Figure 1.22. The genomic region surrounding the second coding exon of tra-RA.

Question 9

Based on the screenshot shown in (Figure 1.22), which reading frame contains the amino acid sequence for the second coding exon of tra-RA?

28. Change the “enter position or search terms” field to contig1:10,550-10,900 so that we can examine the region surrounding the last coding exon of the tra-RA isoform (Figure 1.23). Based on our previous analysis, we know that there is a stop codon in the second row that corresponds to the transition from the translated (thick rectangle) to the untranslated (thinner rectangle) region of the mRNA (Figure 1.15). Hence the last coding exon of tra-RA is in frame +2 (Figure 1.23).

Figure 1.23. The terminal coding exon of tra-RA is in frame +2.

Question 10

Does frame +2 have an ORF in the coding region of this exon? What about frame +1 and frame +3?

Question 11

Given that 3 of the 64 possible codons are stop codons, what is the chance of having a stop codon at any given position, assuming that the sequence is random?

Note

You might have noticed that the initial coding exon of tra-RA is in frame +3 while the last coding exon is in frame +2. We will learn more about mRNA processing in subsequent modules that will explain this apparent discrepancy.

1.5. Conclusion

In this lesson, you have learned to use the basic navigation features of the Genome Browser to examine the basic structure of a eukaryotic gene. To summarize:

• Genes provide the information to make proteins. This information is captured by transcribing the DNA to make RNA, and is carried on the mRNA in the form of three-base groups called codons.
• Genes are composed of exons and introns. Exons are regions retained in the processed mRNA, and are represented by black blocks in the browser, while introns are the regions that are removed during the process of creating the final mRNA, and are represented by lines connecting the blocks.
• The codon ATG in DNA (AUG in mRNA) specifies the amino acid M (Methionine) and is highlighted in green on the “Base Position” track of the Genome Browser. The first Methionine provides the starting signal for protein synthesis.
• The codons TAA, TAG, and TGA in DNA (UAA, UAG, and UGA in mRNA) encode the stop codon (*) and are highlighted in red on the “Base Position” track of the Genome Browser. The stop codons provide the ending signal for protein synthesis.
• Genes may be read either from left to right (top strand of the DNA), or from right to left (bottom strand of the DNA). Arrows on a gene indicate its directionality.
• Each row in the “Base Position” track (set on full) corresponds to a different reading frame. Different coding exons for a transcript can be in different reading frames.
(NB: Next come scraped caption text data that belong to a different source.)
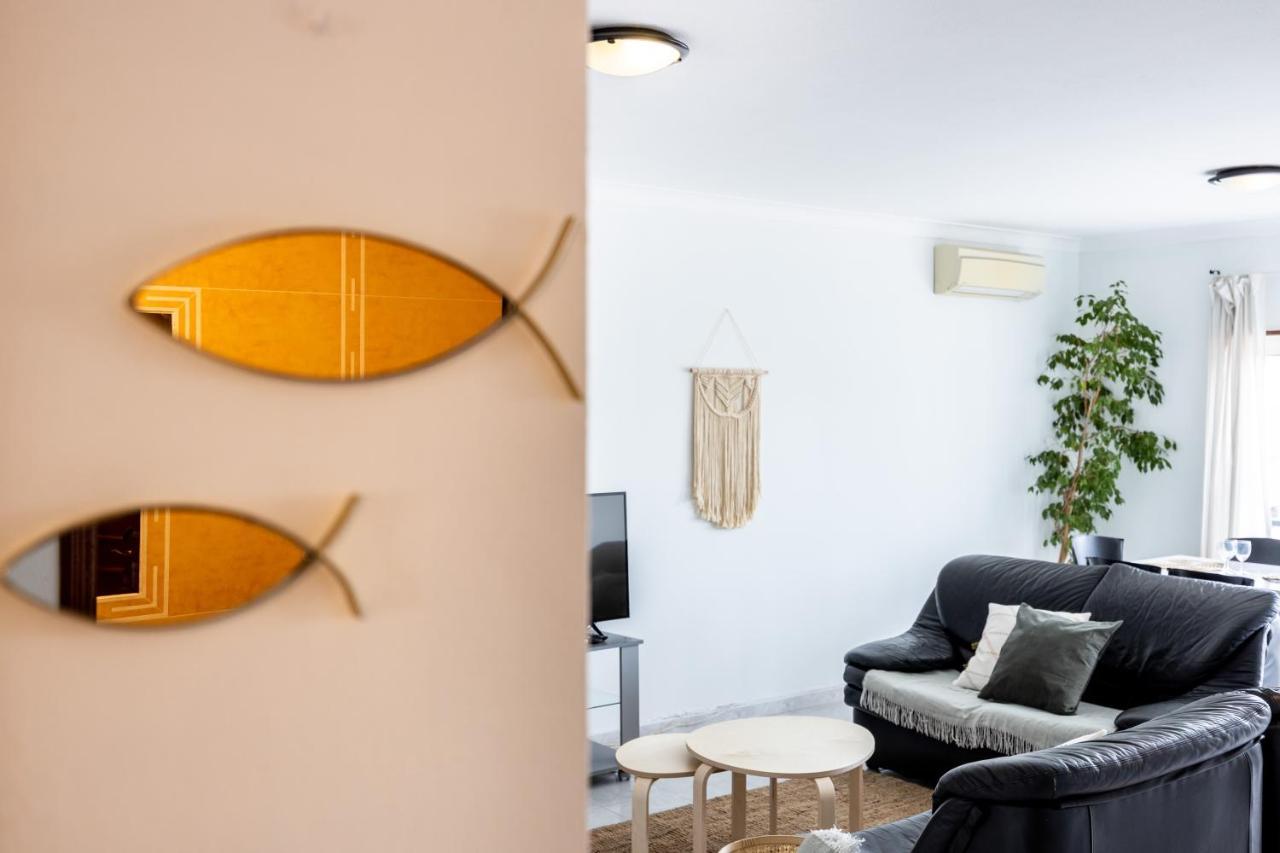 Casa Timor - Perfect Stay For Exploring Lagos & Algarve Εξωτερικό φωτογραφία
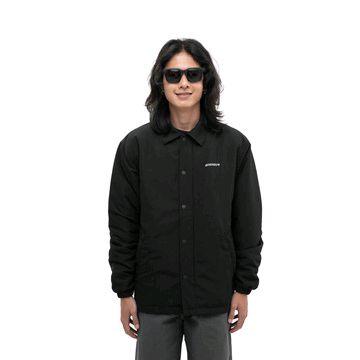 Jaket Eiger Homeward Coach Jacket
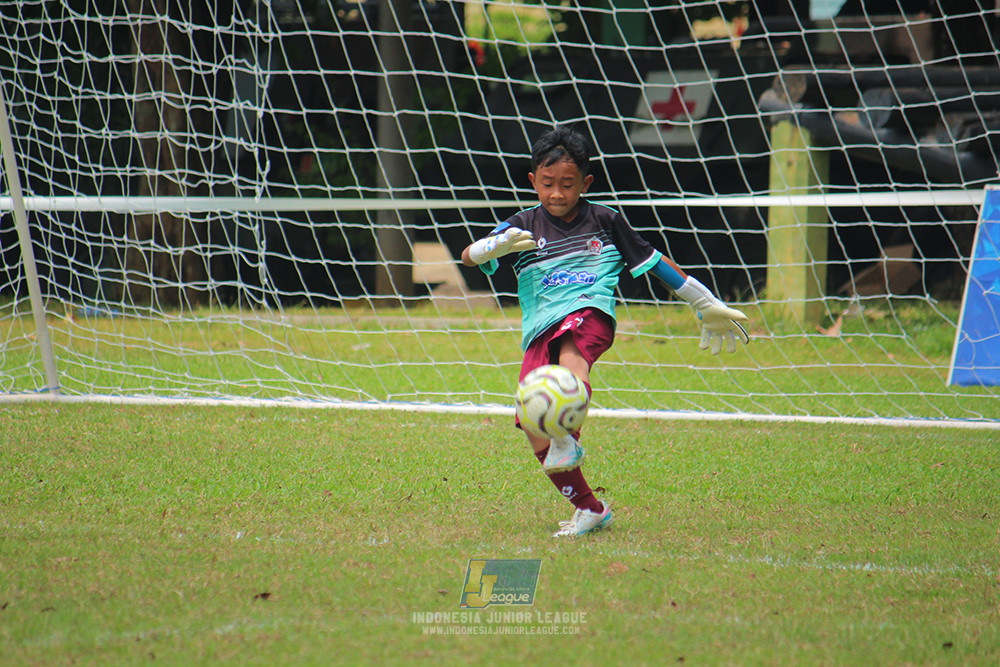 ijl u10 070925 mutiara 97 vs dream soccer skill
29. To practice using the browser and reinforce the above concepts, examine the third gene in this contig (spd-2-RA):

Summary Question 1

How many exons and introns are present in this gene?

Summary Question 2

What is the orientation of this gene relative to contig1? How do you know? Where are the start codon and the stop codon — give the base position numbers (coordinates) of the start and the stop codon?

You have now completed Module 1, and are ready to move on to Module 2.

1.6. Bonus question

Take a little time to explore some of the other evidence tracks on the browser.

Bonus Question 1

While looking at contig1 (size 11,000 bp), put the “GC Percent” track on full. What sort of pattern do you see, relative to the map of the genes? What can you conclude about gene structure?